If a candidate claims proficiency in python: How does python imports work and how does PYTHONPATH work?

Or for a data scientist candidate, ask some specific questions around parameter tuning for popular machine learning algorithms.

Code Review

As a second component in evaluating raw technical skills, we ask all candidates to do some coding with us during the interview. While an interview is far from any real-world setting in which one would actually sit down and write software, we still maintain it to be a critical aspect of the process.

Our ideal coding exercise has four components:

Interactive: One of the primary goals of the exercise is to get a sense of what it’s like to work with someone. For phone screens, we use Etherpad as a way of writing code interactively in a simple editing environment. We’re a Python shop, and some of us also use iPython notebooks as another form of shared coding environment.

Underspecify: Make sure the problem isn’t perfectly specified. As the candidate asks questions, let them guide you in how to handle various corner cases, etc.

Start easy: Interview coding is stressful, so if possible start with a simple instantiation of your problem that’s relatively easy to complete.

Verify & test: When completed, have the candidate verify their results and walk through examples. Also ask them how they’d go about testing their code.

Performance Test

For us, the most important aspect of any candidate’s performance is their ability to ship code. There are lots of super smart engineers out there who have high technical proficiency, can write code with you all day long, have super impressive resumes, yet can’t claim ownership for any code running in production.

An engineer who can consistently ship code must be able to (1) possess a degree of technical proficiency to integrate their software into a larger context, (2) effectively work with others and incorporate their critiques and concerns, (3) take a concept from end-to-end and build something between “good enough” but not “perfect” in a timely fashion, (4) understand and take ownership of operational challenges and burdens that come with maintaining deployed production systems, and (5) numerous other intangibles.

Given this, using principled methods in assessing one’s ability to ship code is hard. But, on the other hand, if it walks like a duck…

Go through the candidate’s experience and ask specific questions about code ownership and project ownership. If they spent a year working on a team that overhauled search functionality, where exactly did they contribute, which components did they build, what were some of the challenges they faced during development, and what if any operational problems arose during deployment? A core contributor will be able to speak very directly and specifically to each of these points, which should give you great comfort that this individual will be a core contributor to your team as well.

We’re also big fans of side projects as they’re great indicators of code shipping abilities.

Conclusions

Effective hiring is part art and part science. Determining individual character, motivation, and company fit requires a degree of subjectivity that’s hard to prescribe. While assessing soft skills is very much an art, assessing hard technical skills is much more of a science. And since the cornerstone of good science is repeatability, we’ve developed the above interview process for use with all engineering candidates.

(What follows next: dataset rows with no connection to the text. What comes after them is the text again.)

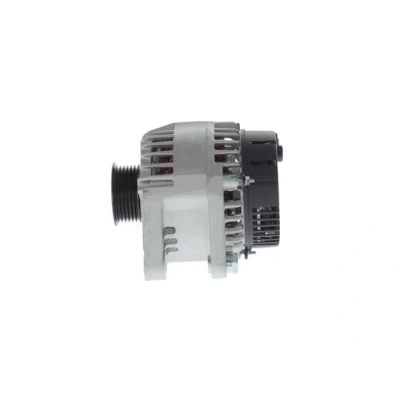 Abbildung von BOSCH 1 986 A01 195 Lichtmaschine 14V 70A TOYOTA: Aygo, PEUGEOT: 107 Schrägheck, CITROËN: C1 I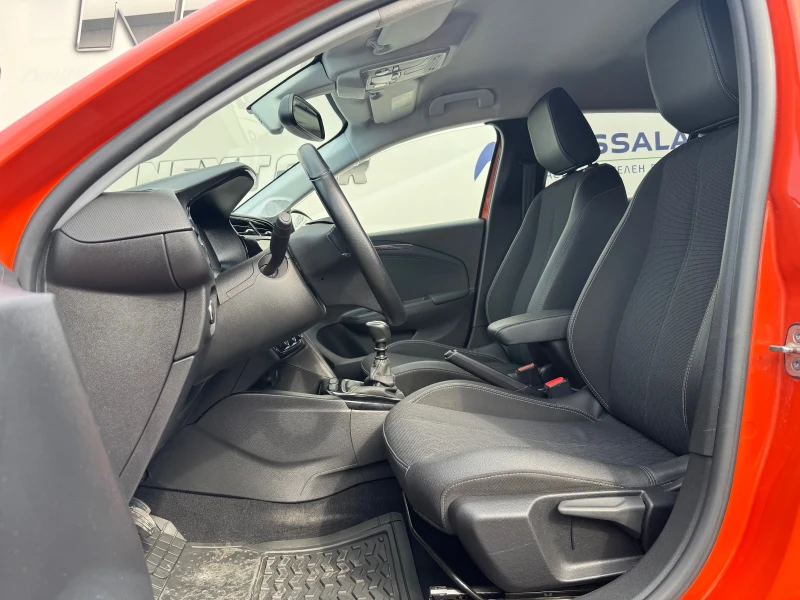Opel Corsa ГАРАНЦИЯ * 29000 КМ. * 1.2 Turbo, снимка 7 - Автомобили и джипове - 50390199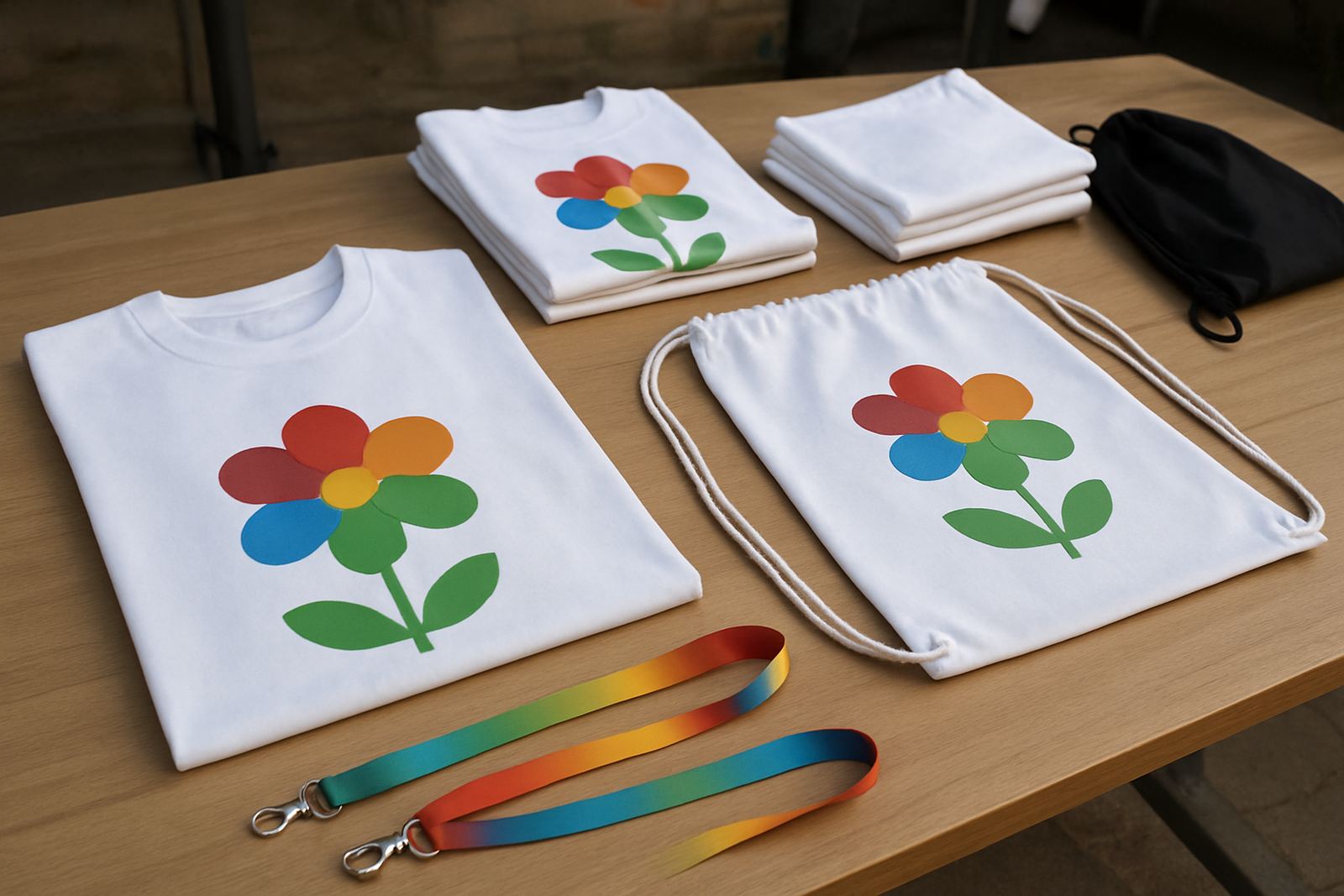 Event Merchandise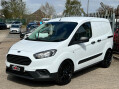 Ford Transit Courier 1.5 TDCi L1 Euro 6 5dr 5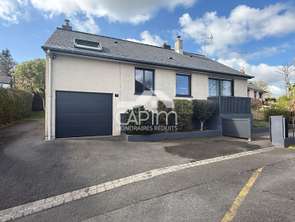 Vente Maison 3 chambresLécousse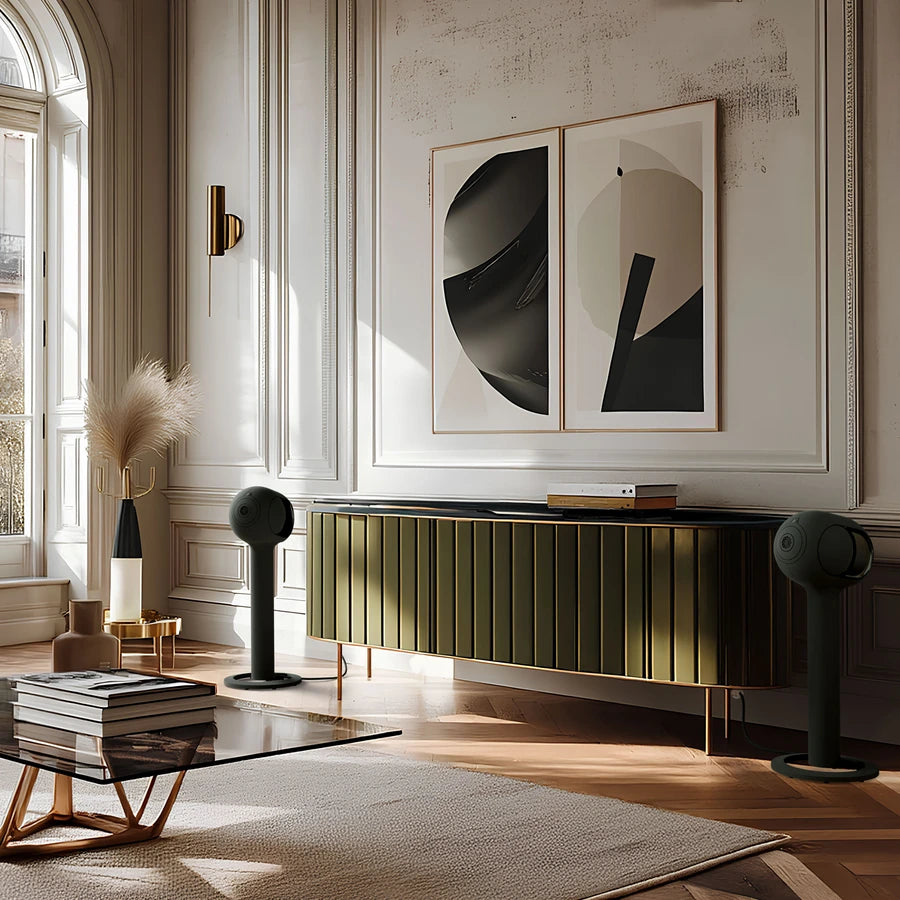 Devialet Phantom Ultimate 108 dB Tree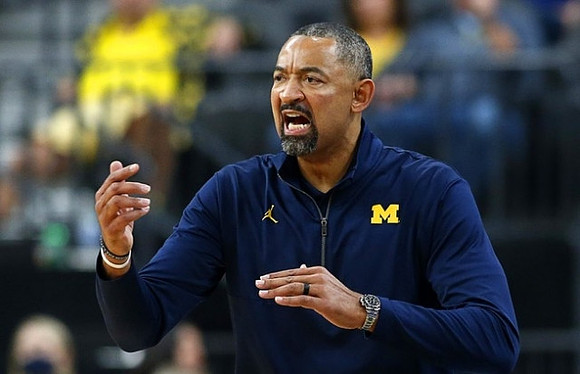 Juwan Howard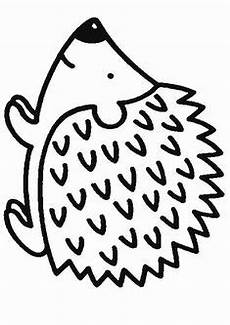 einfache malvorlage igel ausmalbild tiere igel zum ausmalen kostenlos ausdrucken einfache malvorlage igel ausmalbild tiere igel zum ausmalen kostenlos ausdrucken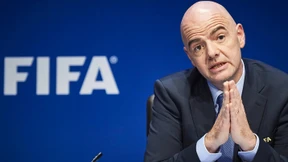 Mega-WM am Persischen Golf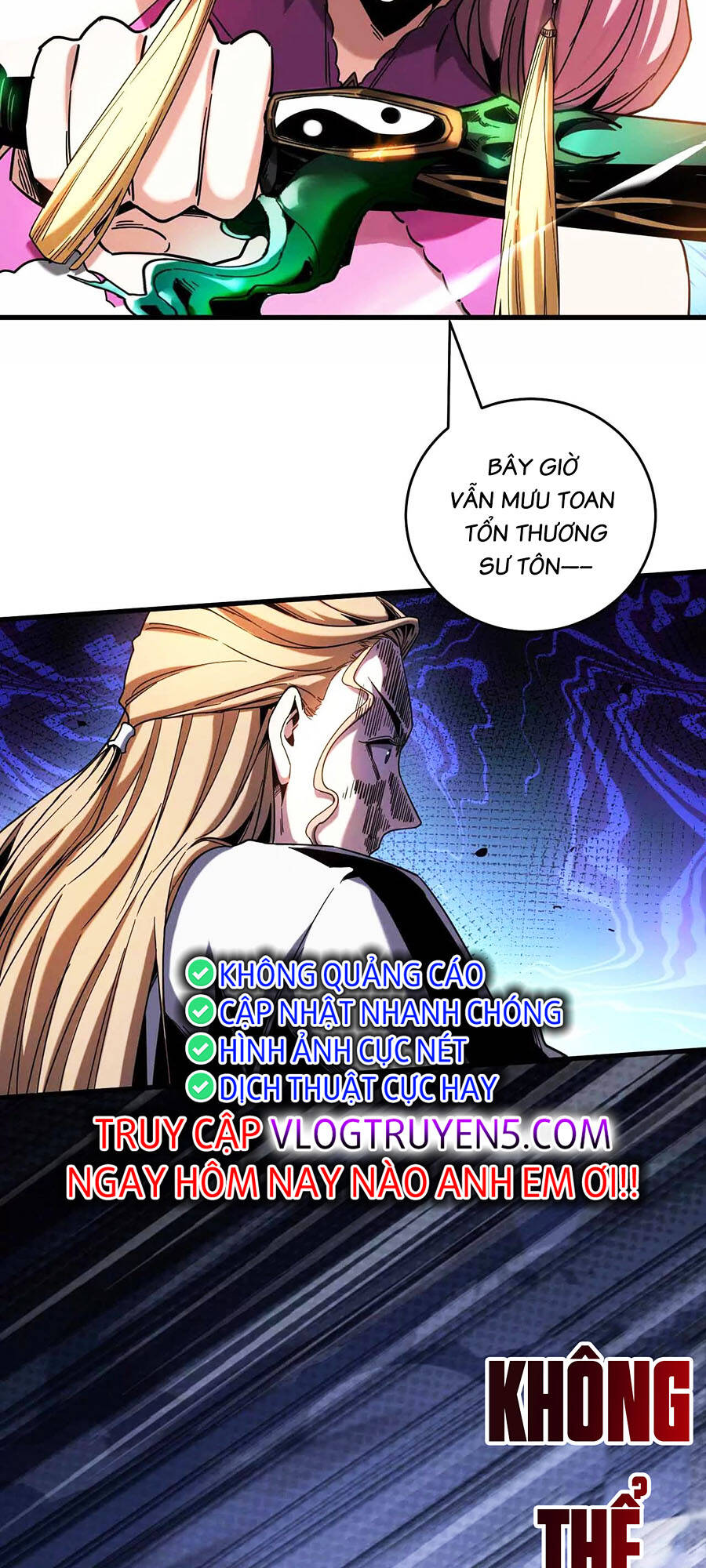 Đệ Tử Tu Luyện Còn Ta Thì Lười Biếng Chapter 9 - Trang 2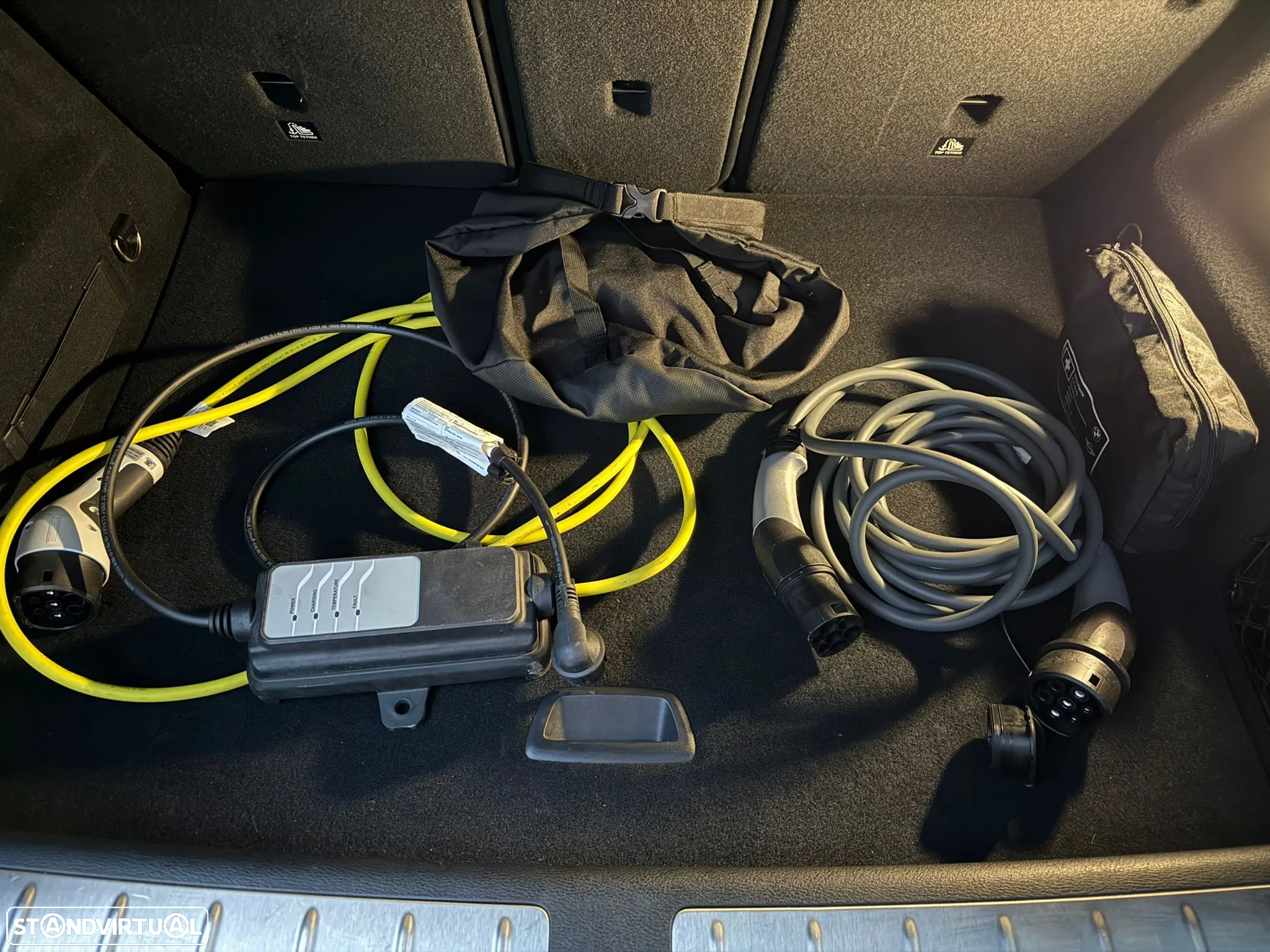 BMW X2 25 e xDrive Pack M - 24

As we scale, it remains to be seen how much we deviate as a whole from the relatively prescriptive process outlined here. Many senior engineers have strong opinions on how to interview and come with their own preferred format. Our view to date has been to prefer a unified approach over one that may be comfortable to certain individuals.

Either way, this is where the science of hiring meets the art and is certainly a topic we’ll explore more future posts.